This paper identifies CPU and network bandwidth resource imbalance—not GPU heterogeneity—as the primary cause of stragglers in deep learning training on homogeneous GPU clusters; surprisingly, common asynchronous SGD exacerbates this issue. To address it, we propose STAR, a system featuring: (1) a novel grouped-synchronous parameter update mechanism; (2) dynamic synchronization mode selection via hybrid heuristic and online ML models; and (3) coordinated, resource-aware scheduling—integrating parameter server (PS) load balancing, gradient transmission optimization, and proactive CPU/bandwidth overload avoidance—within both PS and All-reduce architectures. Experiments on AWS clusters show STAR reduces time-to-accuracy (TTA) by 48–84% under PS and 51–70% under All-reduce, while preserving convergence accuracy equivalent to synchronous SGD. The implementation is open-sourced.

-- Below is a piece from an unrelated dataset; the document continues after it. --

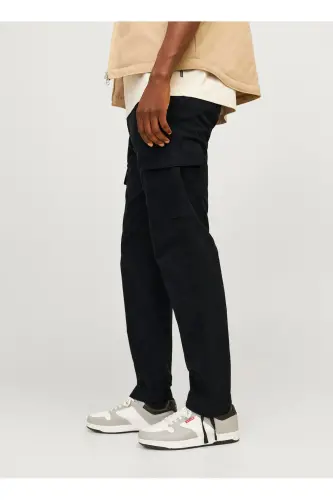 Lastikli Paça Siyah Erkek Kargo Pantolon 12258150_JPSTKANE BARKLEY CARGO PAN - Black - 2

Despite the popularity of homogeneous GPU-based deep learning (DL) training, the prevalence, causes and impact of stragglers and the effectiveness of existing straggler mitigation approaches are still not well understood in this scenario due to limited research on these questions. To fill this gap, we conducted comprehensive experiments and found that stragglers remain widespread due to CPU and bandwidth usage imbalances. Additionally, existing mitigation methods that switch from synchronous stochastic gradient descent (SSGD) to asynchronous SGD (ASGD) may not improve Time-To-Accuracy (TTA) and can even generate more stragglers due to its higher resource consumption. To address these newly found problems, we propose the Straggler Tolerant And Resilient DL training system (STAR). STAR includes new synchronization modes that group workers for each parameter updating. It has a heuristic and an ML method to choose the optimal synchronization mode for minimizing TTA, and reallocates resources to support the selected mode while minimizing the impact on co-located jobs. Moreover, it proactively prevents stragglers by avoiding overloading the CPU and bandwidth resources in allocating PSs (which consume high CPU and bandwidth) and in gradient transmission. Our trace-driven evaluation on AWS shows that STAR generates 48-84% and 51-70% lower TTA than state-of-the-art systems in the PS and all-reduce architectures, respectively, while maintaining the converged accuracy of SSGD. The code for STAR is open-sourced.